On les regroupa au sein de l’ « unité 122 »
sous la férule de Marina Raskova, chargé de former les
futurs régiments sur la base de Engels, près de Saratov
au bord de la Volga. Il faut bien saisir qu’à l’origine
ces trois régiments étaient composés exclusivement
de personnel féminin, du pilote au mécanicien, en passant
par le commissaire politique, tous étaient des femmes. Mais après
la mort tragique de Marina Raskova en janvier 43 dans un accident d’avions,
le 586ème IAP et le 587éme PBAP perdirent à regret
leur autonomie, on leur adjoignit des cadres et des personnels masculins.

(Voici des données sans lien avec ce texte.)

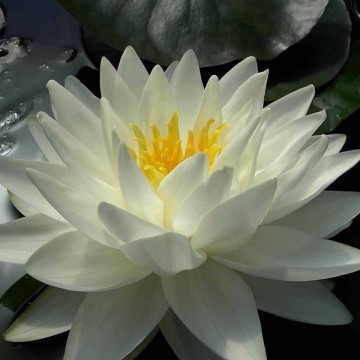 Nymphaea gonnere matthijs plantenpaleis 1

Seul le 588ème NBAP est resté totalement féminin
tout le long de la guerre.
NBAP à Stalingrad
Au bout de 6 mois
d’un entraînement intensif, les régiments étaient
transférés sur le front, à Stalingrad. Pour prouver
leur courage et présageant les outrages qu’elles subiraient
en cas de capture, les femmes pilotes prirent la résolution de
ne pas emporter de parachute et de se suicider si elles tombaient aux
mains de l’ennemi. Décision qui causa un drame à
l’une d’entre-elles, quand abattue suite à un combat
aérien, la femme pilote parvint à se poser en catastrophe
mais voyant des soldats courir dans sa direction, elle prit son revolver
et se tira une balle dans la tête… en fait il s’agissait
de soldats soviétiques. Complètement désorientée
pendant le combat, elle avait cru être en territoire ennemi
Très
rapidement devant la pénurie de pilotes, de radio-navigateurs
et de mécaniciens masculins au sein des VVS, on transféra
aussi les femmes en surplus (qui servirent même comme mitrailleur),
dans les unités masculines où elles furent accueillies
avec beaucoup de réticence. Les hommes ne voulaient pas
avoir une femme comme ailier ou monter sur un appareil entretenu
par une femme, ils n’avaient pas confiance en elles. Mais
les femmes par leur détermination et leur compétence,
vinrent à bout des préjugés de leur homologues
masculins. En 1944 on pouvait recenser plus de 5000 femmes employées
dans les VVS. |
Konstantinova
décorée de 3 ordres de la Gloire |

Lilya
Litvyak "La Rose Blanche" |
Les
plus célèbres femmes pilotes transférés
dans les régiments masculins, furent sans nul doute, Lilya
Litvyak et Katya Budanova transférées toutes deux
au 296ème IAP/73ème GvIAP. Lilya Lytvyak, en 126
missions abattra plus de 15 ennemis, dont certains étaient
des as aux nombreuses décorations. Elle fut finalement
abattu à son tour le 1èr août 1943, c’était
sa troisième missions de la journée et elle escortait
des sturmoviks. La chasse adverse leur tomba dessus et quand le
leader s’aperçut qu’il y avait Lilya de la
partie, il donna ordre a ses 7 Bf 109 de délaisser les
Iliouchine et de se concentrer sur le yak-1 N° 23. Les 8 Bf
auront raison d’elle, elle avait 22 ans. Elle avait fait
son premier vol à l’age de 14 ans dans un aéroclub
civil et était devenu instructeur de vol par la suite.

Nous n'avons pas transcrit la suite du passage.